Obach R, Pruñonosa J, Menargues A, Nomen M, Vallès J
Research Department of S.A. LASA Laboratories, Barcelona, Spain.
Biopharm Drug Dispos. 1988 Sep-Oct;9(5):501-11. doi: 10.1002/bod.2510090508.

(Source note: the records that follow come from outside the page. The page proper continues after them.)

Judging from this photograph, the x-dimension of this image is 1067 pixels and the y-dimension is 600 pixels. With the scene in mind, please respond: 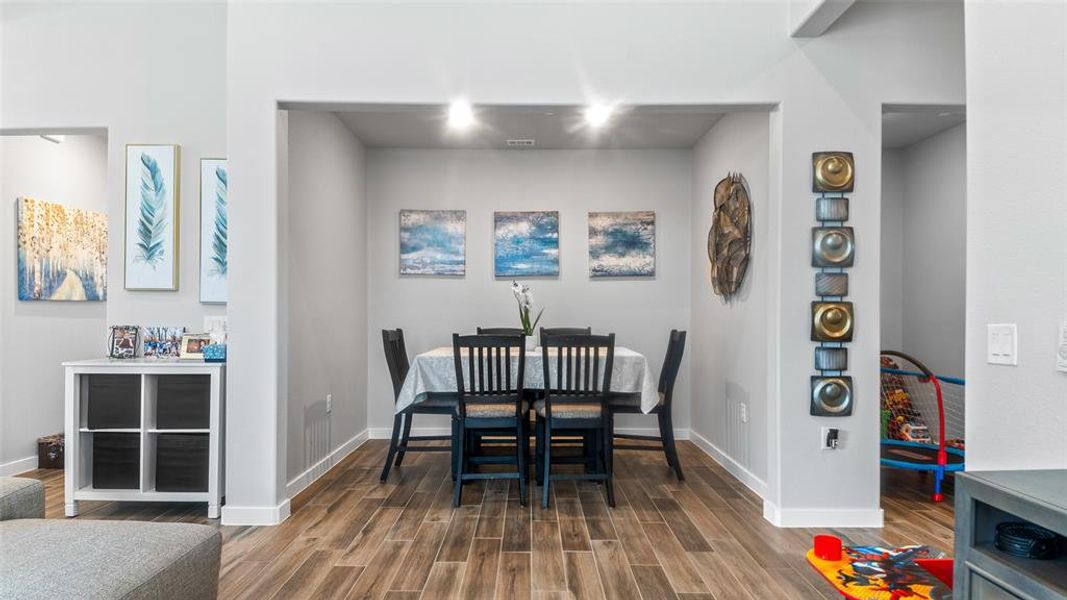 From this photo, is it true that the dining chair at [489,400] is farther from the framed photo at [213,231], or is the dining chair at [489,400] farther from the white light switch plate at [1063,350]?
the white light switch plate at [1063,350]

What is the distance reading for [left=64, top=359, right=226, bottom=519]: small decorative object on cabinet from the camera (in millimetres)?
2939

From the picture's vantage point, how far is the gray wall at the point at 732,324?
11.1ft

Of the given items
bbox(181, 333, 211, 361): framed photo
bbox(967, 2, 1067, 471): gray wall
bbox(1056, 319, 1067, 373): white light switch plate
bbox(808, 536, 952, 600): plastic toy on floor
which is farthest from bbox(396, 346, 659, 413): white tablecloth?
bbox(1056, 319, 1067, 373): white light switch plate

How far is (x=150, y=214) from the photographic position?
11.1 feet

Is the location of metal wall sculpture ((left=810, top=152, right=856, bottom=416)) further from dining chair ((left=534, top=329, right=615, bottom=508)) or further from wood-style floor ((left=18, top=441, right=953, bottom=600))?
dining chair ((left=534, top=329, right=615, bottom=508))

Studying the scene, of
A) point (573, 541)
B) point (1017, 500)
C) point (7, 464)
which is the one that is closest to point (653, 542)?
point (573, 541)

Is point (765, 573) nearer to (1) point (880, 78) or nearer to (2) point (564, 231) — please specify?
(1) point (880, 78)

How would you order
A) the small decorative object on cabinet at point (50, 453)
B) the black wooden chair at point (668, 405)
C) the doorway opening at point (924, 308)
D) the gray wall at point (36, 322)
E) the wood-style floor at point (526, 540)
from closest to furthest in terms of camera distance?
the wood-style floor at point (526, 540) → the doorway opening at point (924, 308) → the black wooden chair at point (668, 405) → the gray wall at point (36, 322) → the small decorative object on cabinet at point (50, 453)

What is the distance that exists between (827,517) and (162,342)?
3787 millimetres

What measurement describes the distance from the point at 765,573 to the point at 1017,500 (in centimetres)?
157

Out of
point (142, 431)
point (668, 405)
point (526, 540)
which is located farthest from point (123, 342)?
point (668, 405)

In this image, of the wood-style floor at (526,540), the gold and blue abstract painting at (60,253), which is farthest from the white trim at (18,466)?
the gold and blue abstract painting at (60,253)

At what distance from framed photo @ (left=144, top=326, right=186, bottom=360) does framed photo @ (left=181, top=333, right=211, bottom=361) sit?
93 millimetres

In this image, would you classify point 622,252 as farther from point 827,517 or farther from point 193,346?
point 193,346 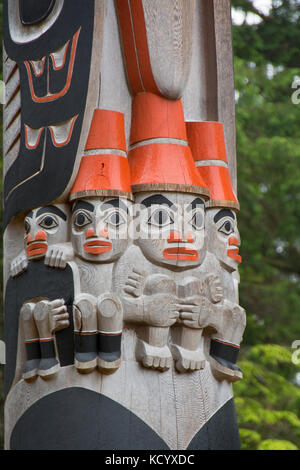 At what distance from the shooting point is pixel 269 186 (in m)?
9.51

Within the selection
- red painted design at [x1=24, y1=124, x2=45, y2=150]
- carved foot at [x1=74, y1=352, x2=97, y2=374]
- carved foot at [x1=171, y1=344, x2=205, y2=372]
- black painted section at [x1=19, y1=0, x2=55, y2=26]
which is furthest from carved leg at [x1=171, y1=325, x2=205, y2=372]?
black painted section at [x1=19, y1=0, x2=55, y2=26]

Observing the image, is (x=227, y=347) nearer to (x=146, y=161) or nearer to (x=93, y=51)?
(x=146, y=161)

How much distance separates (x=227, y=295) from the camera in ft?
12.3

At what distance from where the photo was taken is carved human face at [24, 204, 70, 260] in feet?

In a pharmacokinetic study, 15, 30, 60, and 150 mg kg-1 intravenous and oral doses of methocarbamol were administered to rats. Differences observed in plasma clearance values, i.e. 0.0203, 0.0156, 0.0123, and 0.0085 1 kg-1 min-1 for 15, 30, 60, and 150 mg kg-1, respectively, suggested a dose-dependent pharmacokinetic behaviour of the drug. Elimination according to a biocompartmental open model and Michaelis-Menten kinetics fits the plasma level data. Estimated Km and Vmax values were 38.49 +/- 3.71 mg l-1 and 1.24 +/- 0.06 mg l-1 min-1, respectively. After oral administration of 15, 30, and 60 mg kg-1 the peak plasma levels were reached earlier. The tmax values were 6, 6, and 10 min, respectively. After 150 mg kg-1 oral doses, peak plasma levels were reached later (tmax = 150 min). Estimated bioavailability ranged between 77 and 112 per cent.
在一项药代动力学研究中,给大鼠静脉注射和口服15、30、60和150mg/kg的美索巴莫。观察到的血浆清除率值存在差异,即15、30、60和150mg/kg时分别为0.0203、0.0156、0.0123和0.0085 l/kg/min,这表明该药物具有剂量依赖性药代动力学行为。根据二房室开放模型和米氏动力学进行的消除符合血浆水平数据。估计的Km和Vmax值分别为38.49±3.71mg/l和1.24±0.06mg/l/min。口服15、30和60mg/kg后,血浆峰值水平出现得更早。tmax值分别为6、6和10分钟。口服150mg/kg剂量后,血浆峰值水平出现得较晚(tmax = 150分钟)。估计的生物利用度在77%至112%之间。